Dataset:
++++++
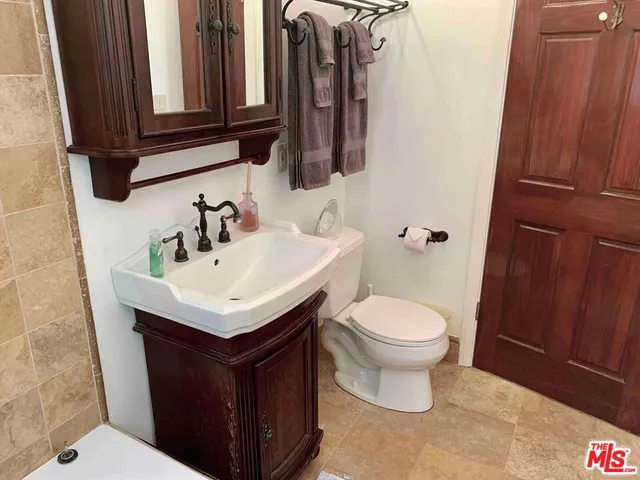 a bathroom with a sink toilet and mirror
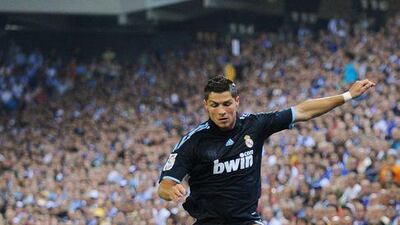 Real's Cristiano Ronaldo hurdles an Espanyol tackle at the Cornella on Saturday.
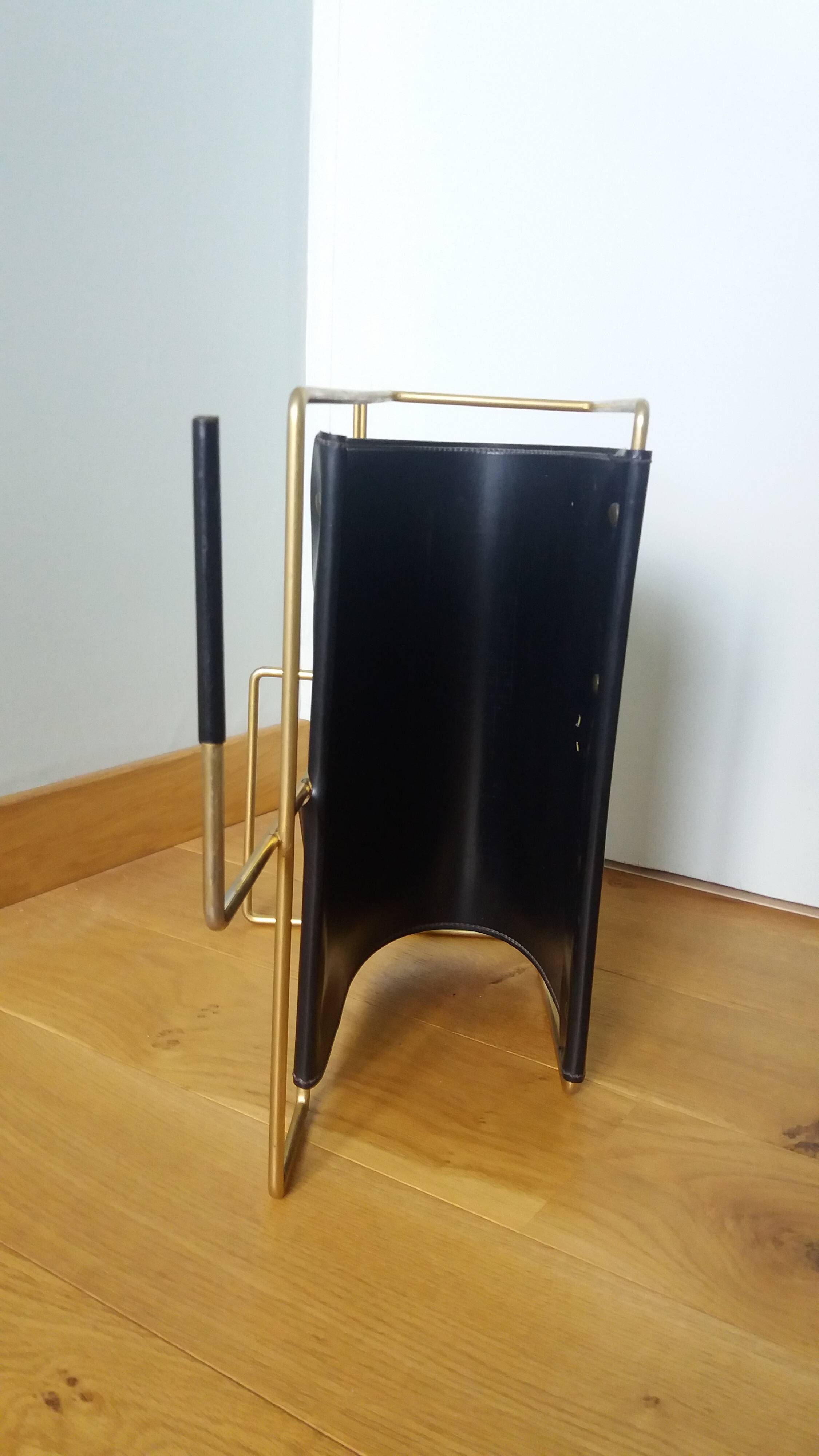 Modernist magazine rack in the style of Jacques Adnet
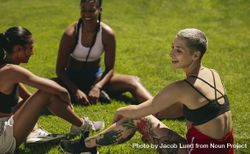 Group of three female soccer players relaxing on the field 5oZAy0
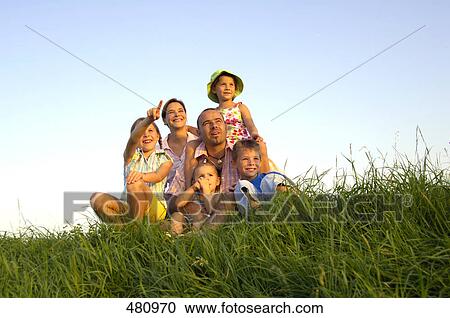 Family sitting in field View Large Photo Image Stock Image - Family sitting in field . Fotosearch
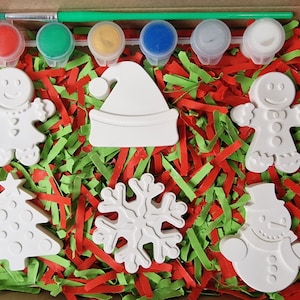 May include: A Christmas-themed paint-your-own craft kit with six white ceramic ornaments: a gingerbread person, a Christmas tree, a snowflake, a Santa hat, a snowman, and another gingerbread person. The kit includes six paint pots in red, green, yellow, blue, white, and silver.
++++++
What to work on:
Starting with the line that contains "Real's Cristiano Ronaldo" and ending with the last line of the data above, transcribe exactly those lines and no others, without pictures.

Task solution:
 Real's Cristiano Ronaldo hurdles an Espanyol tackle at the Cornella on Saturday.
 Modernist magazine rack in the style of Jacques Adnet
 Group of three female soccer players relaxing on the field 5oZAy0
 Family sitting in field View Large Photo Image Stock Image - Family sitting in field . Fotosearch
 May include: A Christmas-themed paint-your-own craft kit with six white ceramic ornaments: a gingerbread person, a Christmas tree, a snowflake, a Santa hat, a snowman, and another gingerbread person. The kit includes six paint pots in red, green, yellow, blue, white, and silver.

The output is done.